また、完成したダムの水が冷たくて下流で魚の養殖ができないとか、富栄養化して飲料に適さない、濁りがいつまでも消えない、さらには土砂の流入がひどく、治水機能が果たせない、といった事例も、あちこちで出始めた。
「これではダムができなくなってしまう」。心配した国は48年に地域住民の生活環境整備を主眼とする「水源地域対策特別措置法」を制定、これに該当しないところには基金を設けて補完、建設への理解と協力を得る作戦に着手した。

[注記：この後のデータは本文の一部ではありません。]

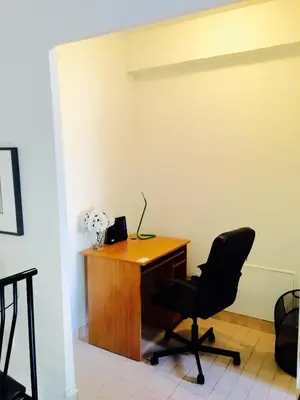 an office with a desk and a chair at Stylish Montreal Apartment Comfortable Stay in the Golden Square Mile in Montréal
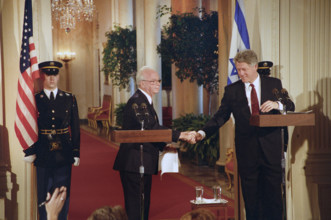U.S. President Bill Clinton shaking hands with Israeli Prime Minister Yitzhak Rabin during press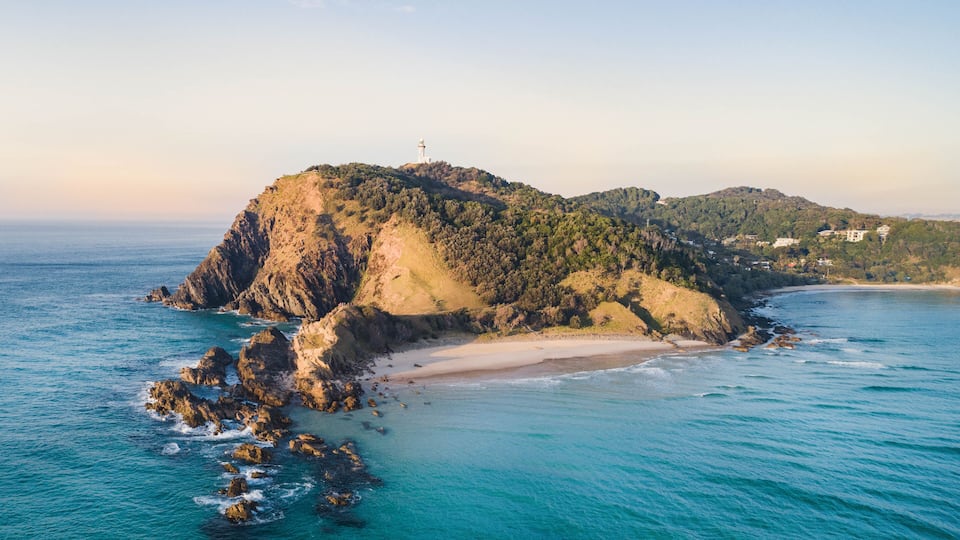 A coastal landscape with a prominent rocky island, a lighthouse, and a beach.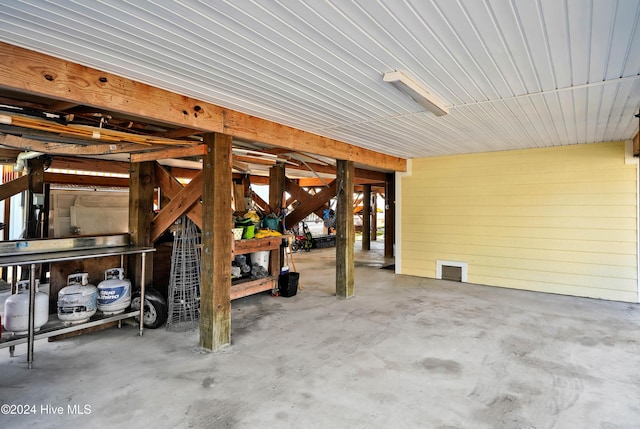 garage featuring wood walls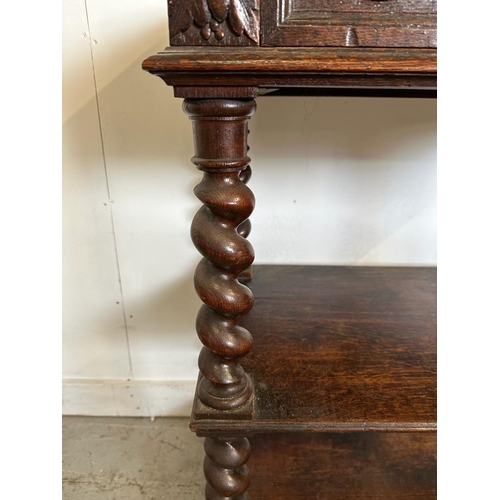 59 - An oak late Victorian buffet, two shelves on barley twist support with a single carved fronted drawe... 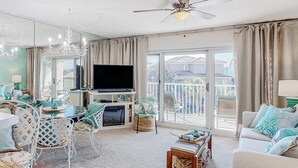 A spacious living room with a large flat-screen TV, a ceiling fan, and a balcony with a view. - Pet-friendly, pools, hot tub & balcony with Gulf-side calm (Destin)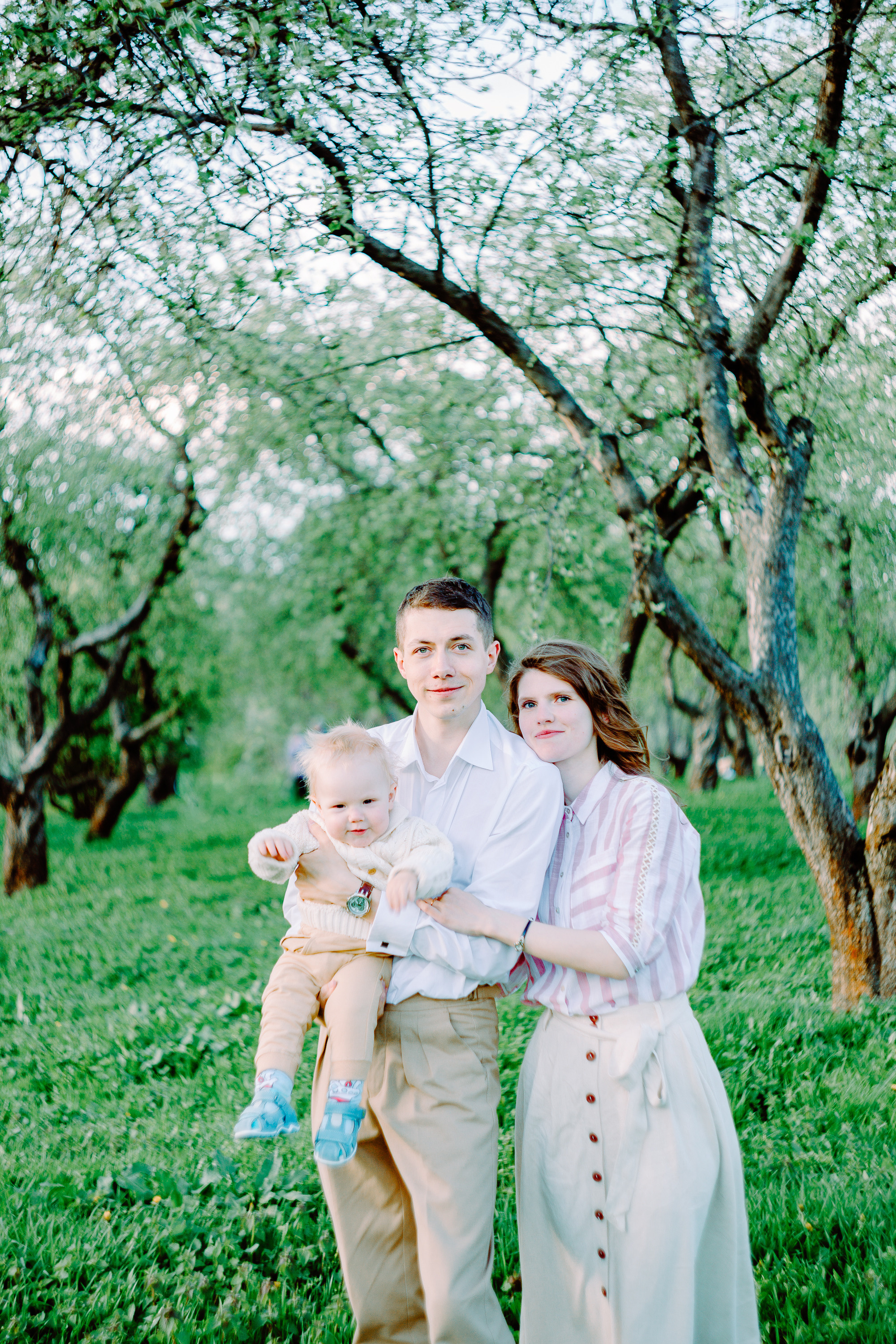 Папа, мама и малыш в саду. Вечер. Светит солнце. Кругом зелень.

その後もいろいろな対策を講じてきたが、地域住民にとっては大半が招かれざる客。
そこで国は昨年12月、ダム地域が抱えるすべての問題を調査研究する財団法人「ダム水源地環境整備センター」を設立した。また、63年度からは新たにダム湖とその周辺をレクリエーション施設、観光資源として活用、地域の活性化にも役立てる「レイクリゾート事業」にも乗り出すことになった。
こうした新しい動きに注目した民間のシンクタンク地域交流センター(東京都港区、田中栄治代表)が、ダム問題に関心を持つ各界の人々に「ダムを地域づくりに活かす意見交換会」を呼びかけたところ、全国各地から約60人が参加した。
シンポジウムでは、67年完成予定のダムを郷土がん具や伝統工芸、日本一の滝桜などを織りこむ工芸公園にしようと計画している福島県三春町、「住民自らが面白くないものに、よそから人は来てくれない」と56年完成のダム周辺に住民総出で花木を植えたり、水上ゴルフ、100メートルの大噴水、日本一の浮橋建設に取り組んでいる愛媛県野村町、「ダムができて滅びる町村は、できなくてもつぶれる」と、発電所の固定資産税目当てに寒河江ダムを積極的に誘致し、月山を結ぶ観光ルートの拠点化を目ざす山形県西川町などの意欲的な事例が町長らから披露された。
しかし、「ダムが8つもあるが、できるたびに近隣の人々の仲が悪くなり、温泉宿の経営も人材不足のうえ弱小資本で思うに任せない」(栃木県栗山村)「2万ヘクタールの国有林伐採が進み、土砂崩壊もひどい。ダムを起爆剤にしたいが、水源林の維持管理をどうするか」(長野県長谷村)といった悩みも出た。
加えて、これらのダムは治水のため、降雨量の多い行楽期にぐっと水位を下げねばならない。それに、水道として利用するところでは湖上の利用にも制約がある。
結局、天竜川水系の3県42市町村が、流域経済・文化圏の形成と水系の治山・治水を目ざして3年前から始めた「流域市町村サミット」と、聖火リレー、展覧会などを通じての上下流住民の交流のように、即効薬ではないが、地道な積み上げが当面唯一の共通の打開策のようだ。
それでも、これまでこうした意見交換の機会さえなかっただけに、参加者は口々に「参考になった」と好意的。交流センターでは今後もダムを持つ町村などでの定期的交流も考えたいといっている。